Christina Baker Kline (born 1964) is an American novelist. She is the author of seven novels, including Orphan Train, and has co-authored or edited five non-fiction books. Kline is a Geraldine R. Dodge Foundation Fellowship recipient.

==Background==
She was born in Cambridge, England, and raised in Cambridge, the American South, and in Maine. She is a graduate of Yale University (BA in English), Cambridge University (MA in literature), and the University of Virginia (MFA), where she was a Henry Hoyns Fellow in fiction writing.

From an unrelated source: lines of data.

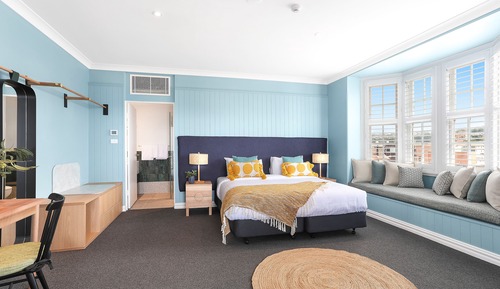 Suite (Sunrise)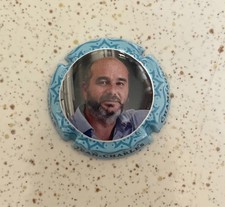 capsule de champagne MIGNON Pierre Portrait JEAN-CHARLES contour bleu NEWS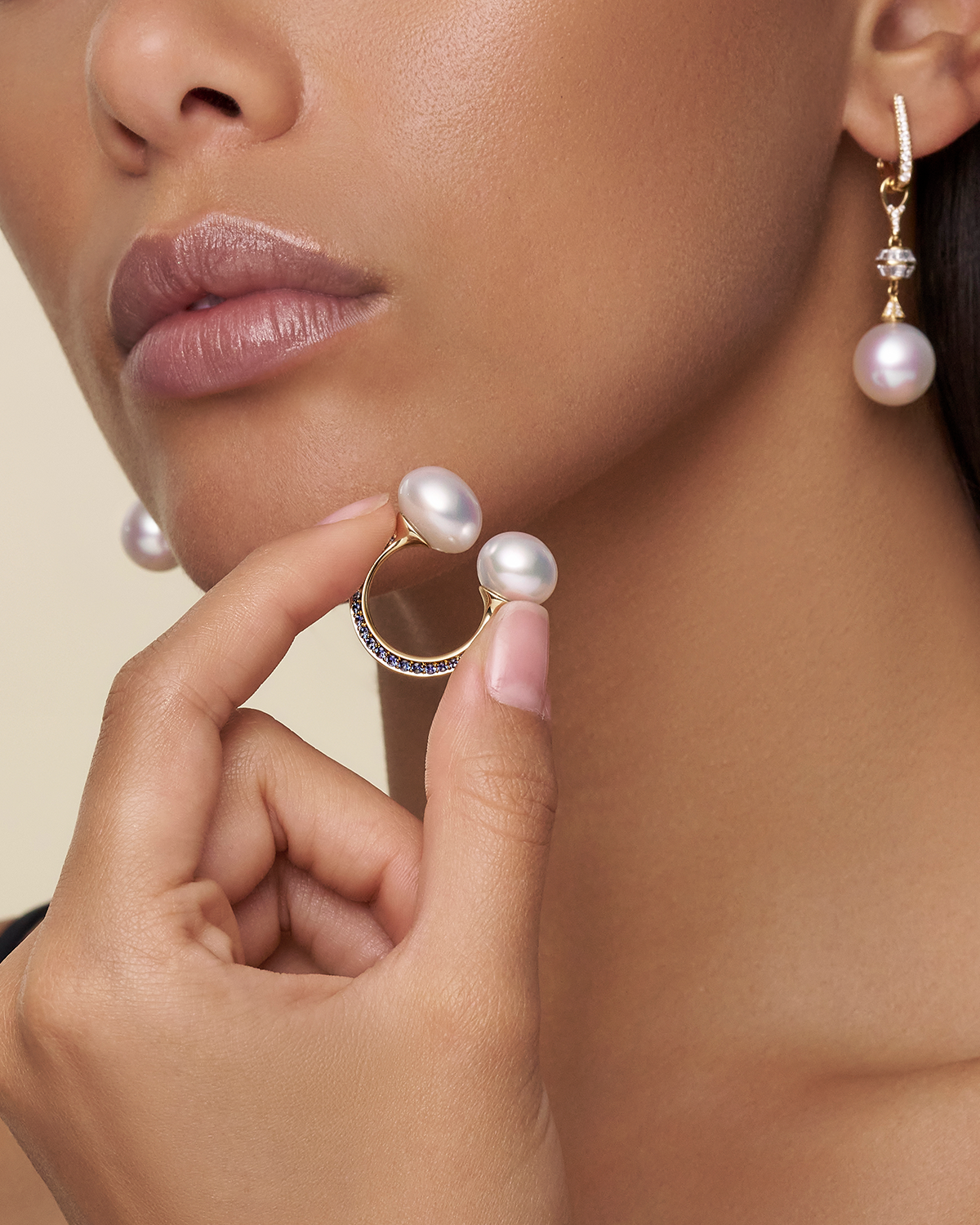 Blue Sapphire Double Pearl Split Ring 11 13 Button Pearls Blue Sapphires and yellow gold on body dh24r53ypb11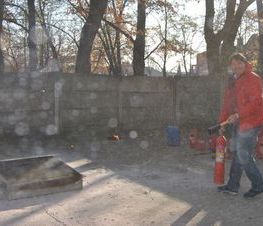 Zdjęcie z galerii: Ćwiczenia P.Poż. w Starostwie Powiatowym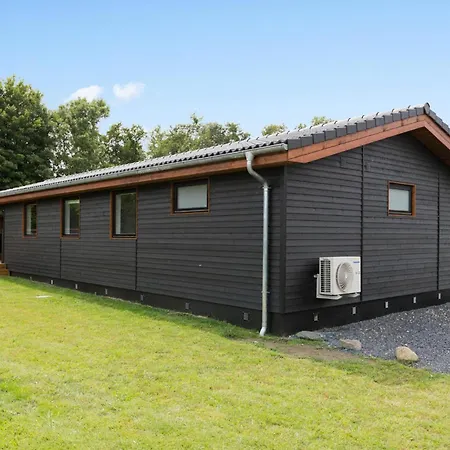 4 Bedroom Amazing In Sydals Sarup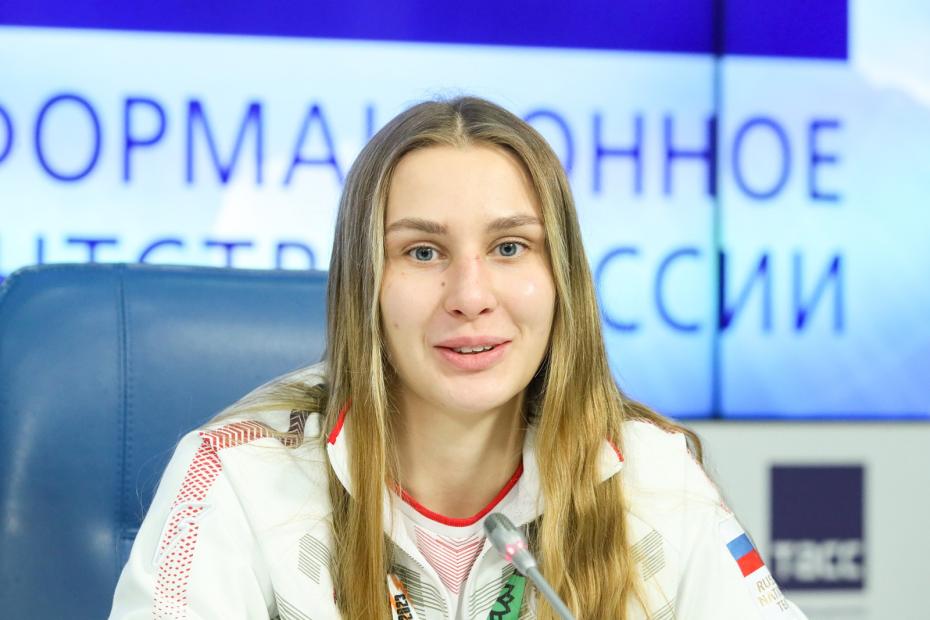 Российская спортсменка Наталия Сычугова, завоевавшая серебряную медаль в весовой категории до 63 кг
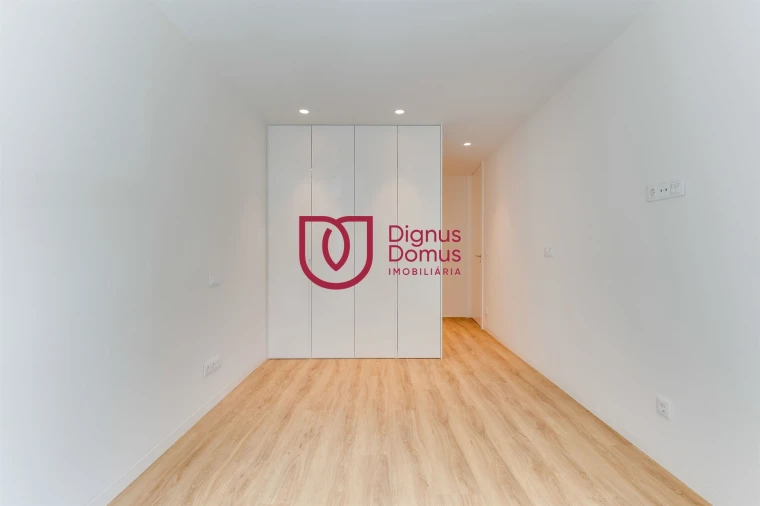 Apartamento T3 para Venda em Mafamude e Vilar do Paraíso Foto 33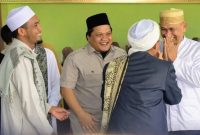 Anggota DPRD Tanah Bumbu Andi Rustianto (tengah) menghadiri Wisuda Kelulusan Kitab dan Khotmil Al-Qur’an 30 Juz di Pondok Pesantren Al Fatah Batulicin, Minggu (05/04/2026).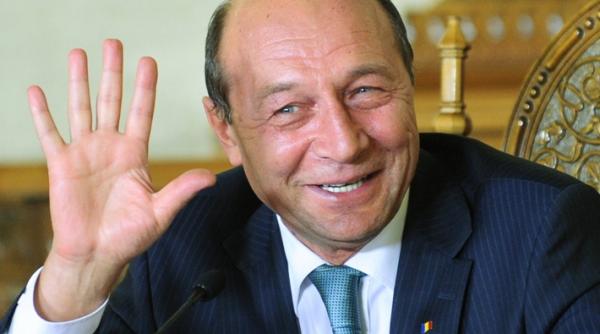 basescu obiectivul opozitiei este intrarea romaniei in derapaj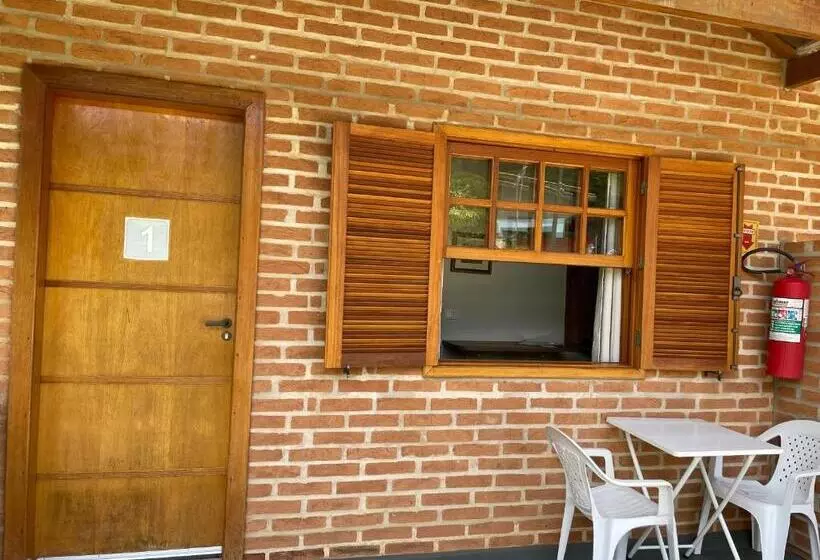 Retkeilymaja Chales Sao Felix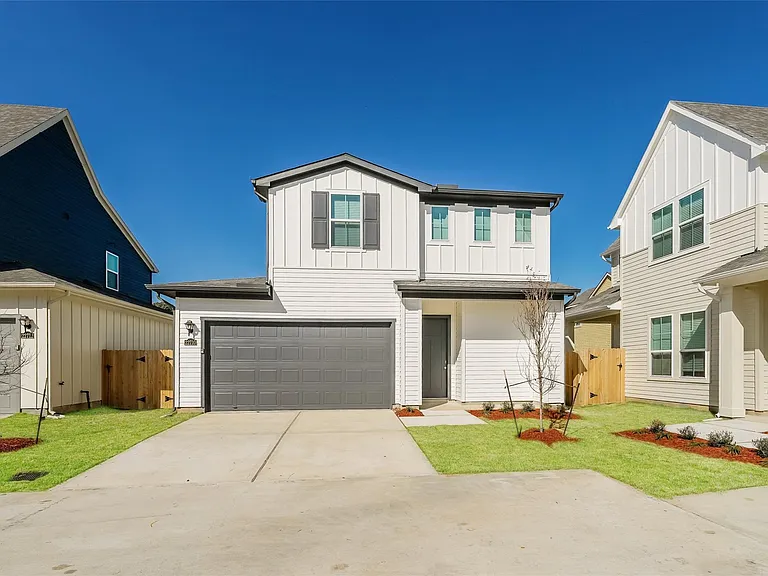 22710 Terrazzo Dr — Photo 1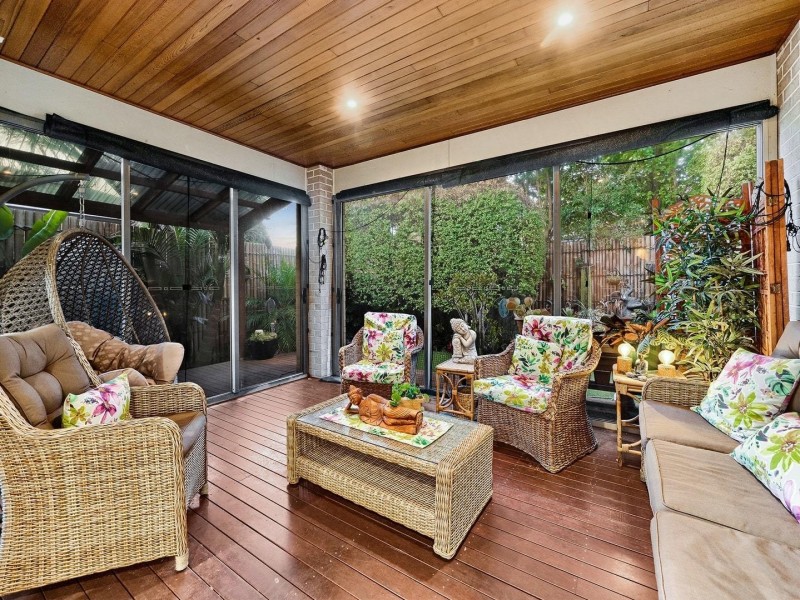 7 Holsteiner Terrace, Clyde North VIC 3978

Kline has been a resident of Montclair, New Jersey.

==Teaching career==
Kline served as Writer-in-Residence at Fordham University from 2007 to 2011, where she taught graduate and undergraduate creative writing and literature.

==Works==

===Fiction===
- Sweet Water (1993)
- Desire Lines (1999)
- The Way Life Should Be (2007)
- Bird in Hand (2009)
- Orphan Train (2013)
- A Piece of the World (2017)
- Orphan Train Girl (2017)
- The Exiles (2020)

====Orphan Train====
Set on present-day Mount Desert Island, Maine and in Depression-era Minnesota, Kline's fifth novel, Orphan Train, highlights the real-life story of the orphan trains that between 1854 and 1929 carried thousands of orphaned, abandoned, and destitute children from the East Coast to the Midwest. Since its publication in 2013, Orphan Train has been a bestseller on all the national lists in the U.S.

===Non-fiction===
- The Conversation Begins: Mothers and Daughters Talk about Living Feminism (1994), with her mother, Christina Looper Baker.

===As editor===
- Child of Mine: Original Essays on Becoming a Mother (1997)
- Room to Grow: Twenty-Two Writers Encounter the Pleasures and Paradoxes of Raising Young Children (1999)
- Always Too Soon: Voices of Support for Those Who Have Lost Both Parents (2006), with Allison Gilbert
- About Face: Women Write about What They See When They Look in the Mirror (2008), with Anne Burt

==Me Too campaign==
As part of the #MeToo campaign, in late October 2017, Baker Kline penned an essay published by Slate magazine in which she accused former president George H. W. Bush of inappropriately touching her and telling an inappropriate joke while she posed for a photo with him during an April 2014 event benefiting the Barbara Bush Foundation for Family Literacy. She further stated that the driver who chauffeured her (and had "introduced herself as a friend of the Bush family"), overheard her tell the story to her husband and requested that she remain "discreet" about the incident. Baker Kline stated in her essay that the driver's reaction made her suspicious that her case was not unique, thinking that "the people around President Bush were accustomed to doing damage control," and the #MeToo campaign confirmed her suspicions.